I asked Steven K. Green, a law professor at the Willamette University College of Law who specializes in the history of law and religion, for his view of the origin of Montana’s provision. (Green’s 2012 book, The Bible, the School, and the Constitution: The Clash That Shaped Modern Church-State Doctrine, was cited in Espinoza briefs by both sides and mentioned by Montana’s lawyer, Adam Unikowsky, during oral argument.) His answer, over email, was unambiguous:
There is no evidence that the insertion of a no-aid provision in the 1889 and 1972 constitutions was motivated by anti-Catholicism. During the latter part of the nineteenth century, several of Montana’s more prominent political leaders, including its representatives to Congress, were Catholic, and the Catholic Church was far and away the largest denomination in the territory/state. The no-aid provision first appeared in the proposed 1884 constitution written to entice Congress to grant statehood and had support from Catholics and Protestants alike. This was five years before the Enabling Act required incoming states (Montana, Washington, North and South Dakota) to include a no-aid provision as a condition of granting statehood. The no-aid provision in the 1889 constitution, Article XI, section 8, was essentially verbatim of the 1884 provision.
There is no evidence of anti-Catholic animus in the debates for the 1972 constitutional convention. A small number of delegates (three) expressed dissatisfaction with reincorporating the no-aid provision, with one calling it a Blaine Amendment. Other delegates pushed back on that characterization with one responding “I rather think that most of us do not believe that the separation of church and state is an evidence of bigotry.” In the end, those delegates who expressed a concern over the no-aid provision voted for the provision and the constitution. Claims that Montana’s no-aid provisions were motivated by bigotry lack an evidentiary basis and rely chiefly on innuendo.

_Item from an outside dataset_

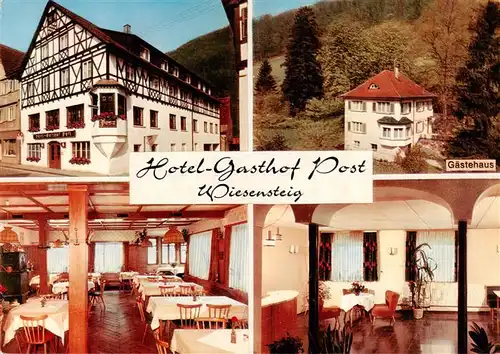 AK / Ansichtskarte  Wiesensteig Hotel Gasthof Post Gaestehaus Gastraeume Wiesensteig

This is not to say that the no-aid movement in the nation as a whole wasn’t at least in part inspired by anti-Catholicism, and American Catholics vividly remember it as part of a period of persecution. But the case against Montana is weak at best.
To strike down part of a state constitution because of this history raises disturbing questions. First, for all the allegiance conservatives proclaim to “originalism,” can the Court sweep aside the no-aid principle that runs in a straight line back to James Madison, the father of American religious liberty? Second, for all the reverence conservatives profess for “our federalism,” should the Court really disallow a state’s choice not to fund religious activities? Finally, is it a coincidence that the sensitivity to bigotry arises in the context of a long-sought aim of the conservative legal movement—to require states to fund private schools generally, and thus weaken public education?
Let us assume (despite the evidence) that in the 19th century, Montana’s people, in the words of the prophet Ezekiel, did eat the sour grape of anti-Catholicism. Must their children’s children’s children’s teeth now be set on edge?
Should Montana’s be the sin that hath no forgiveness?